Eric Edelman and Ray Takeyh, "On Iran, Congress should just say no": Are There 43 Righteous Democrats in the House?

The embarrassing details of Obama's agreement with Iran continue to leak out. We have now learned that no Americans can participate in the International Atomic Energy Agency's inspection teams. Why? Because they might actually try to find something. And then there was also Wendy Sherman's reference to Obama's decision to concede "anytime, anywhere" inspections. Oh, that was just a "rhetorical" demand made of the Iranians, we learned from social worker Wendy, who was also responsible for the disastrous nuclear agreement with North Korea.

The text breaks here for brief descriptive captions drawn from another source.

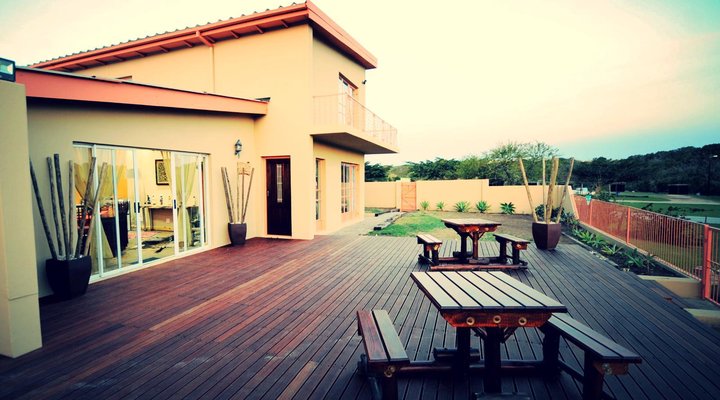 Nukakamma River Lodge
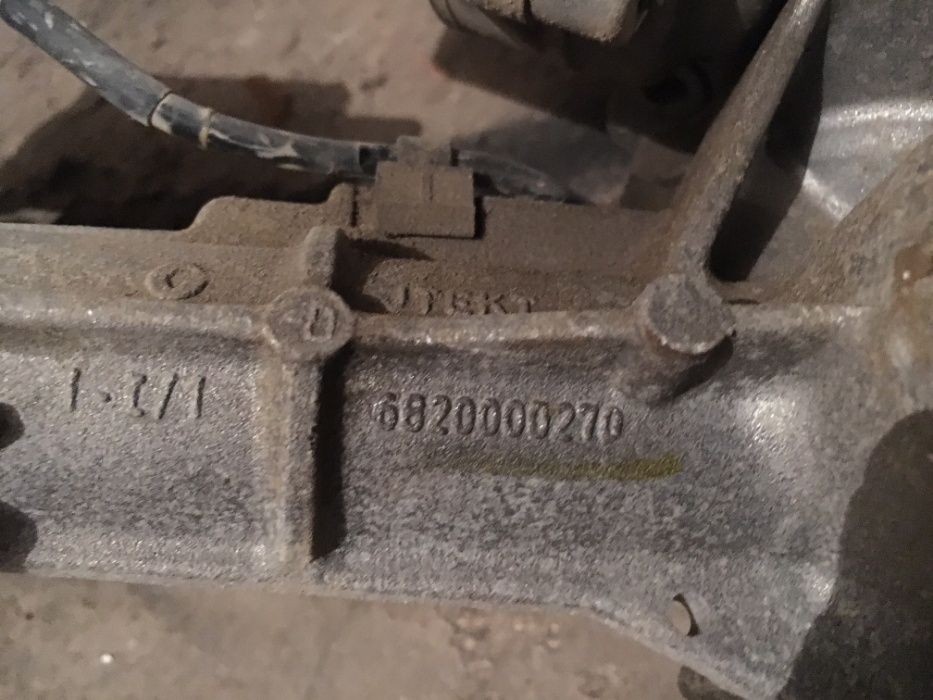 Caseta directie Smart Fortwo a453 Renault Twingo 3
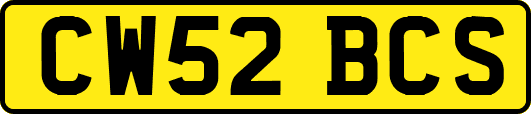 CW52BCS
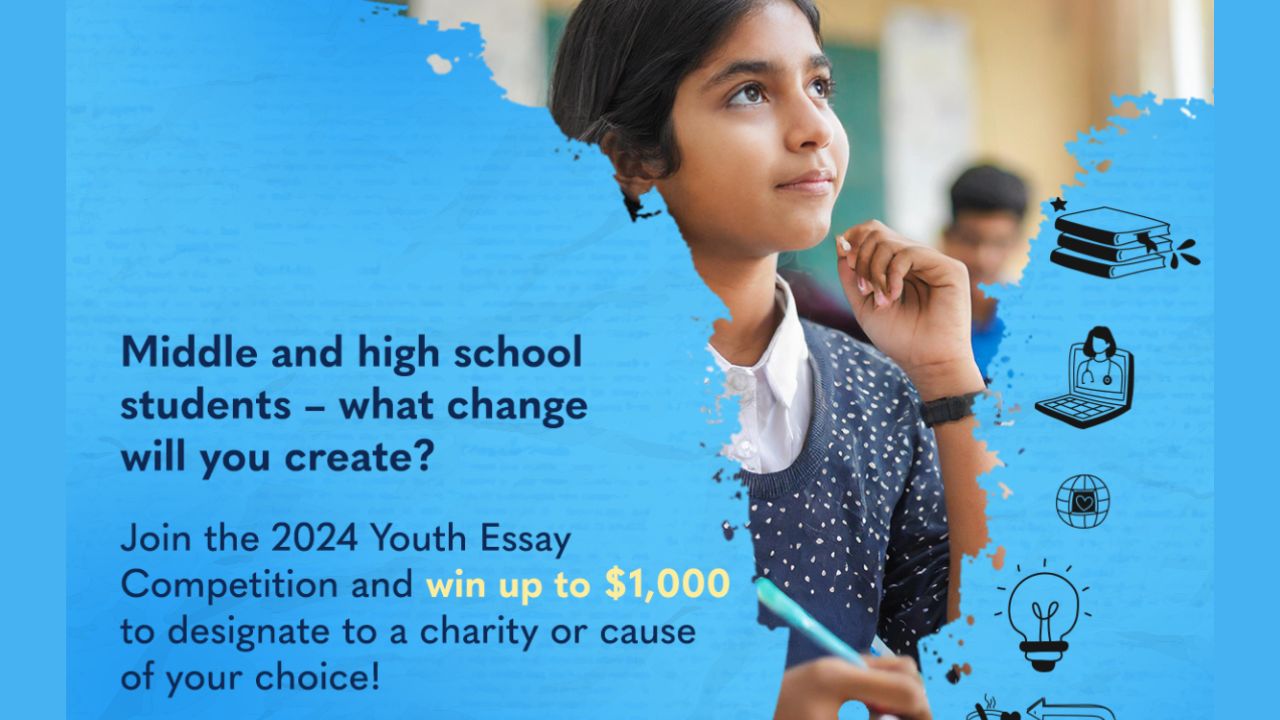 Voices for Change: My Passion for Change Was Ignited by the IPA Youth Essay Competition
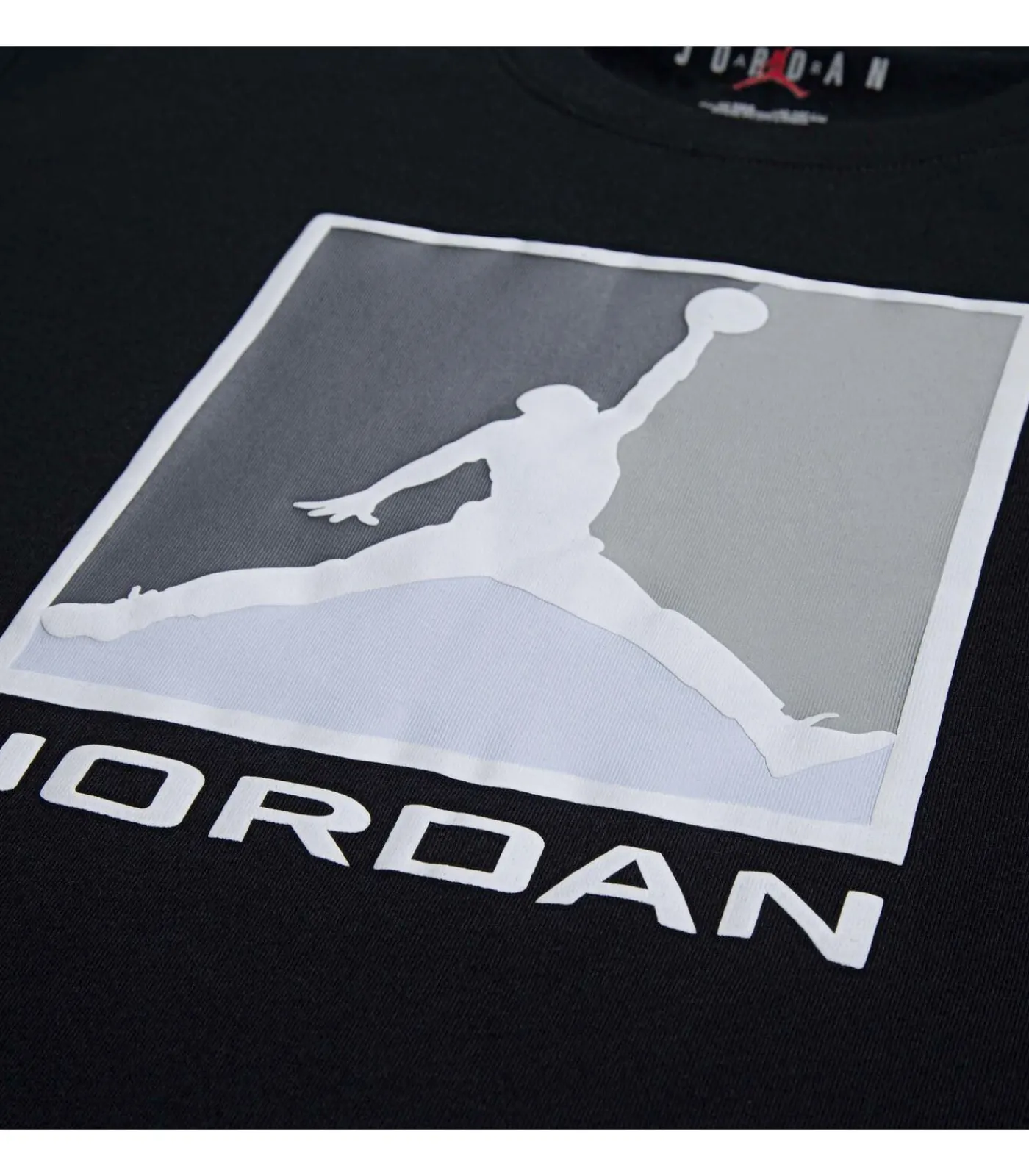 Sale Jdb M J Flt Ess Bl 3.0 Ss Tee Kinderen T-Shirts & Polo's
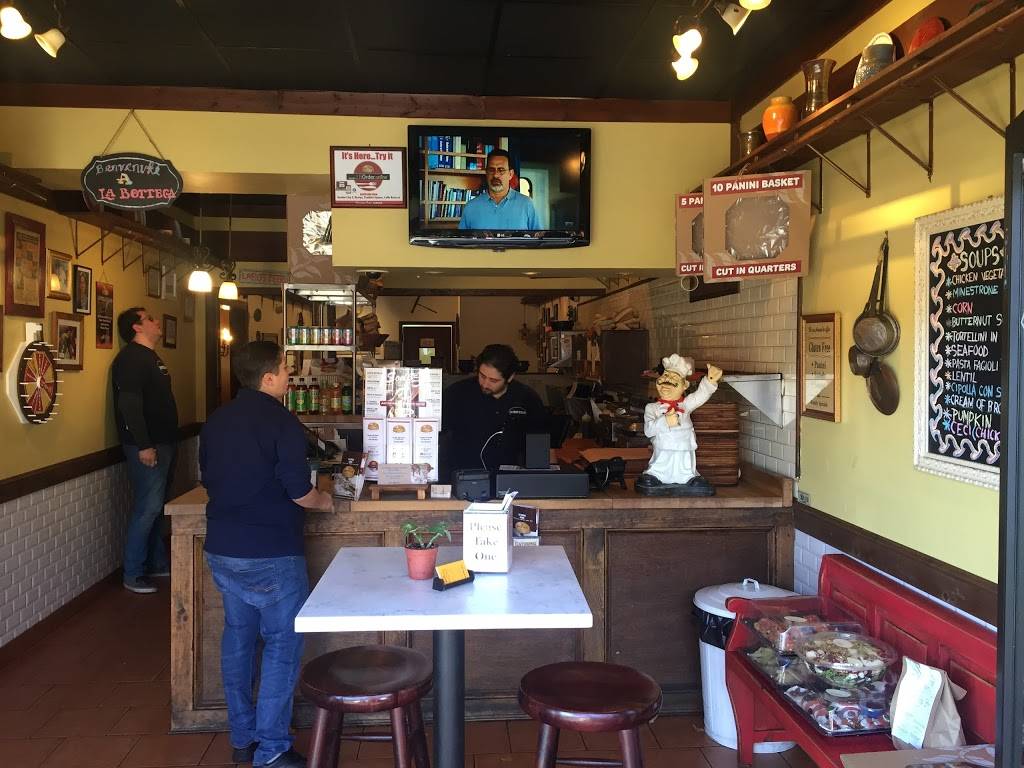 La Bottega Original Garden City | restaurant | 147 Nassau Blvd, West Hempstead, NY 11552, USA | 5164860935 OR +1 516-486-0935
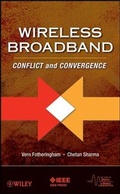 Cover: Wireless Broadband - Wiley-IEEE Press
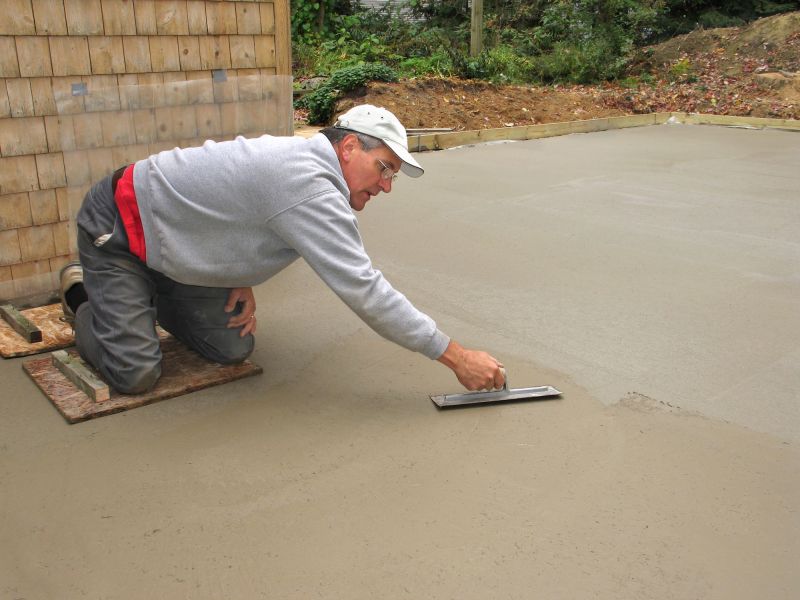 Concrete Slab Cutting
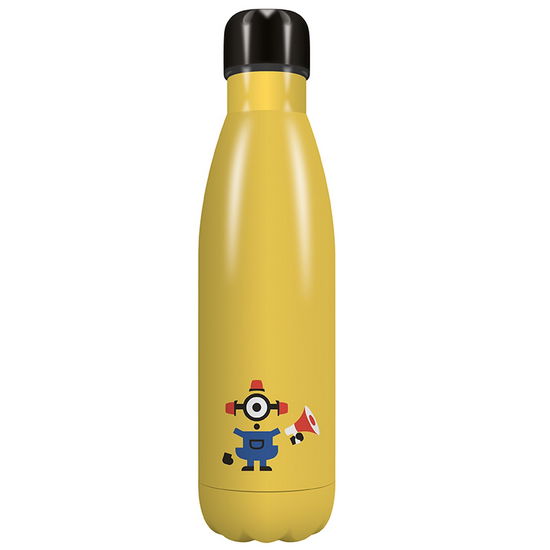 Bee-Do Water Bottle - Minions - Bücher - GENERAL MERCHANDISE - 5055453478055 - 30. November 2023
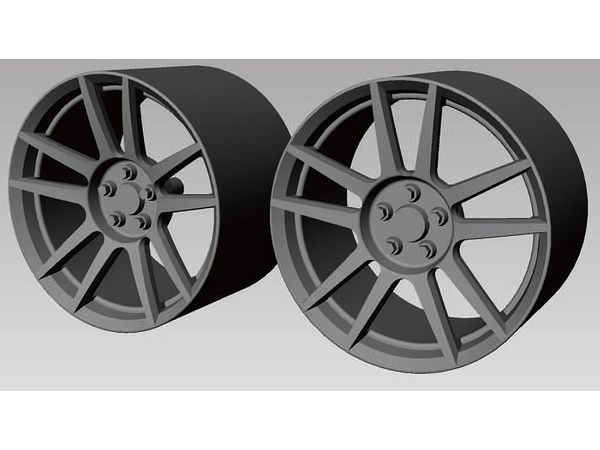 Ford GT Heritage Edition Wheel for T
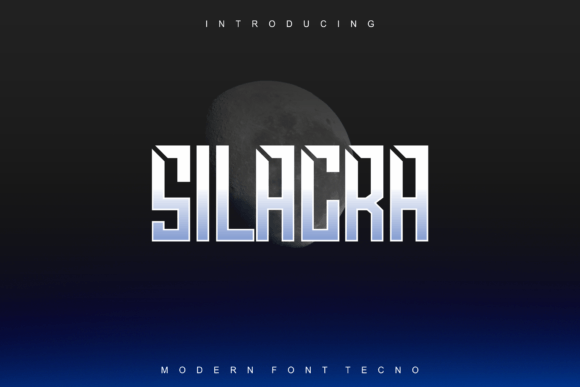 Silacra Font: A Bold, Modern Typeface for Business Branding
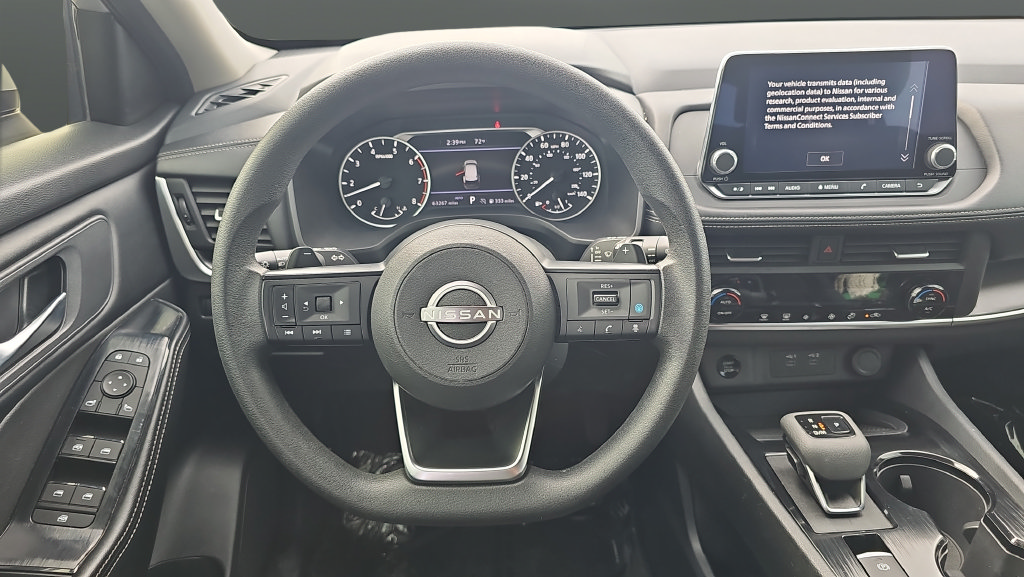 Certified 2024 Nissan Rogue SV AWD/4WD image 15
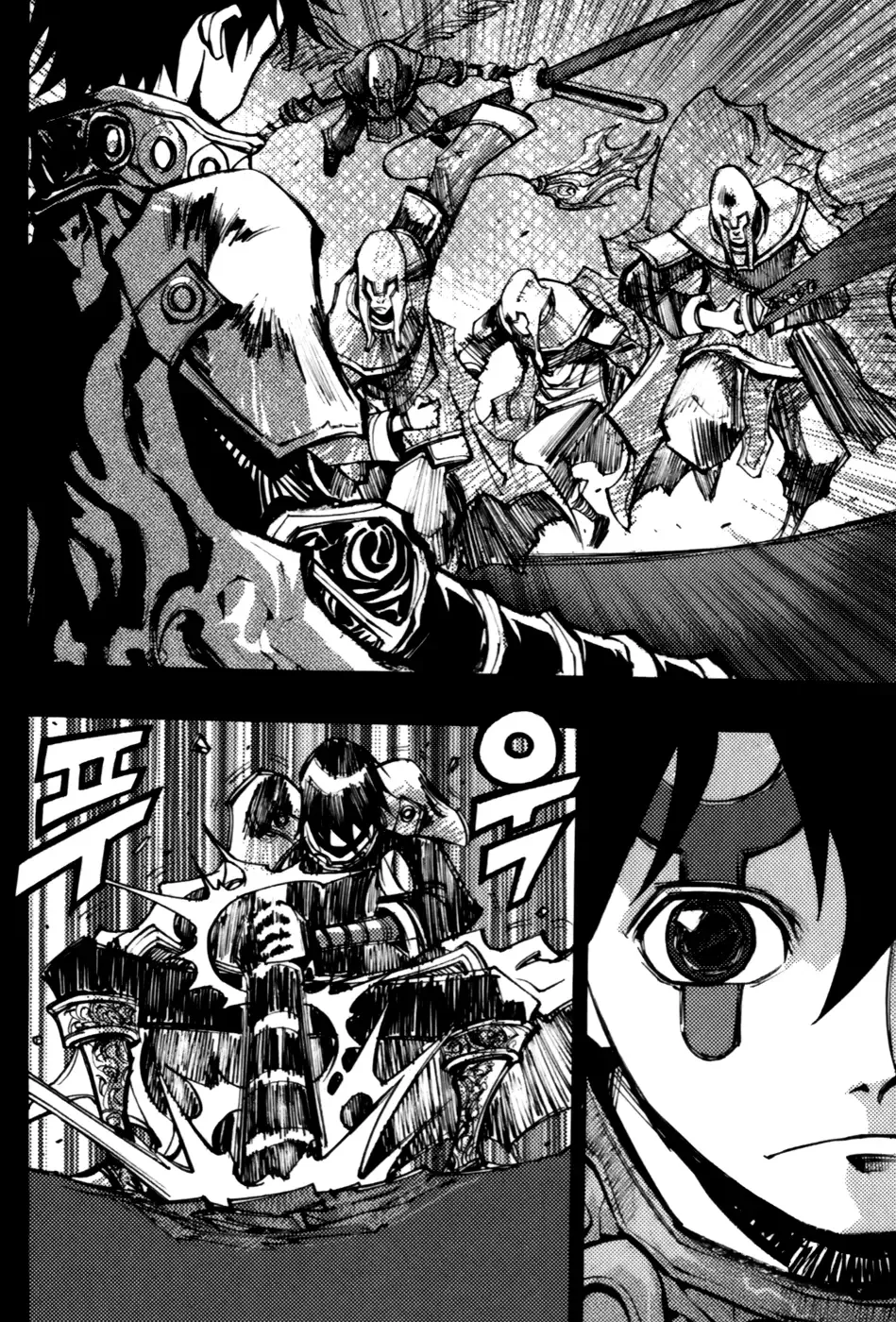 Nephilim John Chapter 13 page 19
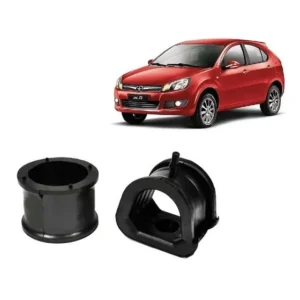 Kit Bucha Fixação Da Caixa De Direção Jac J3 2010/2016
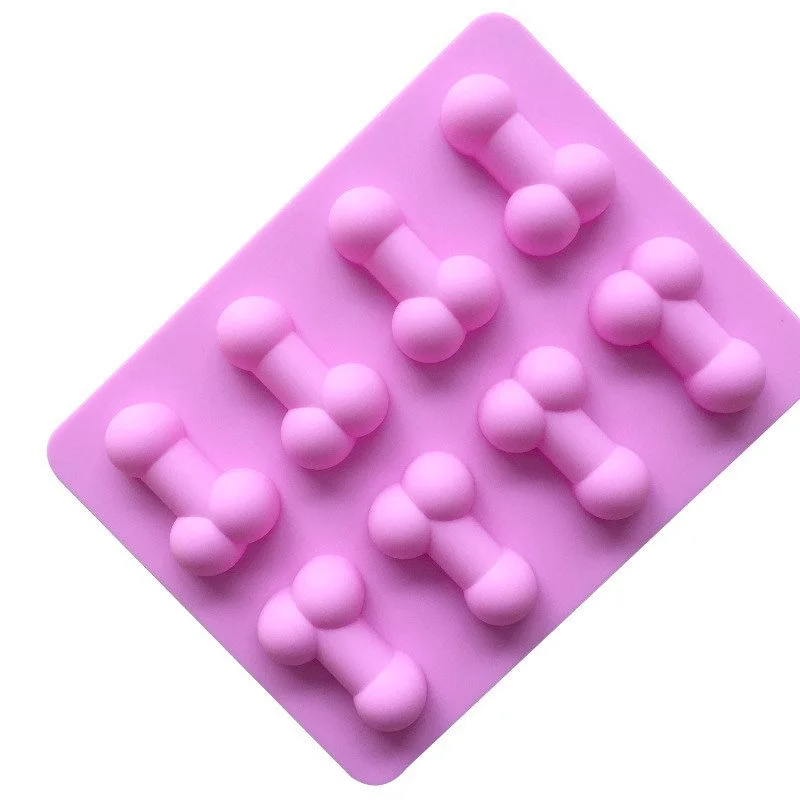 Siliconen penisvorm voor het m - Art Craft Ice Cream recensie en prijs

About the 24 days given to Iran to accede to IAEA requests for inspection, Charles Krauthammer noted in his Washington Post opinion piece entitled "Worse than we could have imagined":

"Under the final agreement, Iran has the right to deny international inspectors access to any undeclared nuclear site. The denial is then adjudicated by a committee — on which Iran sits. It then goes through several other bodies, on all of which Iran sits. Even if the inspectors’ request prevails, the approval process can take 24 days.

And what do you think will be left to be found, left unscrubbed, after 24 days? The whole process is farcical."

Obama's rejoinder to this contention during his news conference on Wednesday (my emphasis in yellow):

"This is not something you hide in a closet. This is not something you put on a dolly and kind of wheel off somewhere. And by the way, if we identify an undeclared site that we’re suspicious about, we’re going to be keeping eyes on it, so we’re going to be monitoring what the activity is, and that’s going to be something that will be evidence if we think some funny business is going on there, that we can then present to the international community."

But who is Obama's "we"? And if the president were to "present" evidence of "funny business" to the international community," what would the international community do with it? Laugh?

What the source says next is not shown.